The input layer consists of three neurons: VGS, VDS, and T. The hidden layer has a tandem structure of fully connected (FC) layers and convolution (Conv) layers, consisting of 2 FC layers (512 neurons each), 2 convolution (Conv) layers and 3 FC layers (1024, 512, and 66 neurons, respectively). We conducted an initial experiment with an MLP network composed of three FC layers; however, in terms of the accuracy and ability to describe the hump characteristics, its performance was not sufficiently good. To mitigate this issue, the presented layer structure was chosen. Among the seven layers, each convolution layer was introduced to extract features for different subnets based on the VGS and VDS. The two FC layers preceding the convolution layers were designed to capture the overall characteristics of the curve and the electrical properties of the learning model. The three FC layers serve to apply the local captures from the previous convolutional layers to the prediction of a single output, which is the current. The first FC layer uses the tanh function as the activation function for VGS and the sigmoid function as the activation function for VDS, forming different subnets. Therefore, the effects of VGS and VDS could be represented separately for each type of neuron. The others have adopted the ReLu function as the activation layer. In particular, the neurons in the second FC layer are connected to both tanh and sigmoid neurons from the first FC layer. These neurons represent the coupled effects of VGS and VDS on the channel potential and carrier concentration. For faster and more stable training, batch normalization (BN) was conducted at each layer's input.35 The output layer has a single neuron representing the drain current ID. The neural network is trained for 200 epochs, and the model is evaluated using the mean square error (MSE) loss function. Detailed information about the hyperparameters used and the model training are listed in Table 1.

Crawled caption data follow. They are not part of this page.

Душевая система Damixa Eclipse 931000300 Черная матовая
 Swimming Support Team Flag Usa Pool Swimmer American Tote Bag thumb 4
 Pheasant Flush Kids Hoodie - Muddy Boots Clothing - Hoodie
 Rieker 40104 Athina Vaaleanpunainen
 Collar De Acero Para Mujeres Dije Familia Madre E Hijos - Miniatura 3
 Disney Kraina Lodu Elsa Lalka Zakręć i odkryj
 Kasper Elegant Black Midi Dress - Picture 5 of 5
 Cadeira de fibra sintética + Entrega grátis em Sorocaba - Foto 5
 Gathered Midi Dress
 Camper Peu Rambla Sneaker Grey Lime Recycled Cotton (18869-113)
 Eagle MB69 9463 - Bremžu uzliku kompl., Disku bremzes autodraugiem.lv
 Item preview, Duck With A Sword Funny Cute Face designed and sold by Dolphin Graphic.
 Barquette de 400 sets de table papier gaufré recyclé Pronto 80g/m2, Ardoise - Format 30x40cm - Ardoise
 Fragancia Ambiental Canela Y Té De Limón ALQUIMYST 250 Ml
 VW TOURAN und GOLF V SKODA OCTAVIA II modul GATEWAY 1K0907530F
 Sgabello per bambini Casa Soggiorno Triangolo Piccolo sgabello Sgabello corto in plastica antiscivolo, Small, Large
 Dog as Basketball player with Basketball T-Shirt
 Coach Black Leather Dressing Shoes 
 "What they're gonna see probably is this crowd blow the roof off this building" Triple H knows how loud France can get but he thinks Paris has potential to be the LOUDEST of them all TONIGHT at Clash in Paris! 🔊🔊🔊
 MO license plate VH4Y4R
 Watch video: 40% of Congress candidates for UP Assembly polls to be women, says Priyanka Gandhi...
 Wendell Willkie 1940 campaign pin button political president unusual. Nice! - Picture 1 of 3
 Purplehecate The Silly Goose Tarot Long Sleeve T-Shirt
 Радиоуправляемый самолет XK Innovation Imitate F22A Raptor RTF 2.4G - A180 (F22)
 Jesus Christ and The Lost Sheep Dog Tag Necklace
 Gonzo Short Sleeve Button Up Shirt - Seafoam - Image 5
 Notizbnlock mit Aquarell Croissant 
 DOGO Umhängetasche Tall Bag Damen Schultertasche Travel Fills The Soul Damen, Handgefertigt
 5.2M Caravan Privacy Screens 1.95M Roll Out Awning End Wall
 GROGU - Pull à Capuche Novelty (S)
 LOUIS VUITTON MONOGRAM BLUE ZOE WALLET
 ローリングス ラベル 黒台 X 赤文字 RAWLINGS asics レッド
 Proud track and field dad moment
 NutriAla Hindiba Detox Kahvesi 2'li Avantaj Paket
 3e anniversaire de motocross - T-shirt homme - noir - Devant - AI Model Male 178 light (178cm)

Table 1 Hyperparameters for the base model without transfer learning and transfer model
Parameters Base model Transfer model
Hidden layers 7 7
Optimizer Adam; RMSprop RMSprop
Epochs 200 200
Activation function Tanh; sigmoid; ReLu Tanh; sigmoid; ReLu
Learning rate 0.001 0.001
Loss function MSE MSE


Next, we explain the transfer learning used to develop a more effective and efficient neural compact model. Transfer learning benefits from the knowledge acquired during pre-training and updating of the model through fine-tuning using backpropagation, which could reduce the total computational time and cost. In this study, as shown in Fig. 3(b), we performed transfer learning in the VDS and temperature T domain. For the former, we conducted pre-training for three temperatures, e.g. 300, 260 and 220 K, and then fine-tuned the model to predict the results for three unseen temperatures, e.g. 280, 240 and 200 K. For the latter, we conducted pre-training for four VDS, e.g. −60 V, −40, −20 and 0 V, and then fine-tuned the model for five unseen VDS, e.g. −50, −30, −10, 5 and 15 V. The configuration of the hidden layers remains the same as the base model. Only the third to fifth FC layers (FC3–FC5) were updated during fine-tuning (orange arrow and lines). The key evaluation metrics for our model are how fast it predicts the unseen variables and how accurately it represents the device characteristics under these conditions. We believe that these aspects can be observed through the epoch-loss graph as well as the IV curves on linear and semilog scales.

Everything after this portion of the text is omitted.